Au moins, Loig Chesnais-Girard, dans son discours d’ouverture de la présente session budgétaire a eu la décence de ne pas en parler, du plan Marshall
Nous avons déjà dit ce que nous pensions de la Convention spécifique sur les langues dans une tribune récente du Télégramme, co-signée avec Yannig Baron.
La région Bretagne va poursuivre une politique linguistique en échec depuis plusieurs années. Dans six ans, et malgré l’affichage d’un objectif de 30 000 élèves, nous n’aurons pas vraiment progressé puisque l’Etat n’a pris aucun engagement précis et chiffré quant à la formation des enseignants qui sont déjà en poste, à l’image de ce qui se fait en Corse. La situation pourrait même empirer. Prenons rendez-vous dans cinq ans !

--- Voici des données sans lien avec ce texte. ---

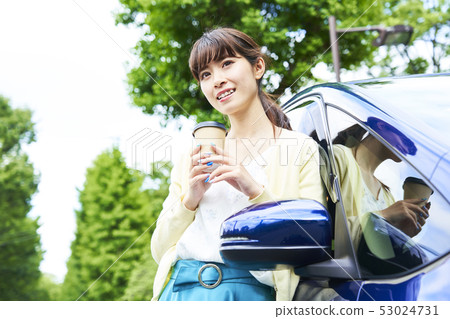 汽車和女士們 53024731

Lorsqu’une politique publique est en échec, il faut trouver le courage de l’affronter, de l’évaluer par un tiers extérieur et d’expérimenter autre chose, comme ici le plurilinguisme. Loig Chesnais-Girard n’a pas ce courage-là.
Le plus important sans doute : la volonté d’émancipation bretonne. Loig Chesnais-Girard évoque à demi-mot dans son discours d’ouverture la nécessité d’une réforme constitutionnelle.
Mais que fait-il pour que les choses changent ? Rien ! il ne s’agit pas d’attendre que l’Etat accepte de partager sa souveraineté, c’est à la Bretagne de tracer son chemin vers l’autonomisation progressive.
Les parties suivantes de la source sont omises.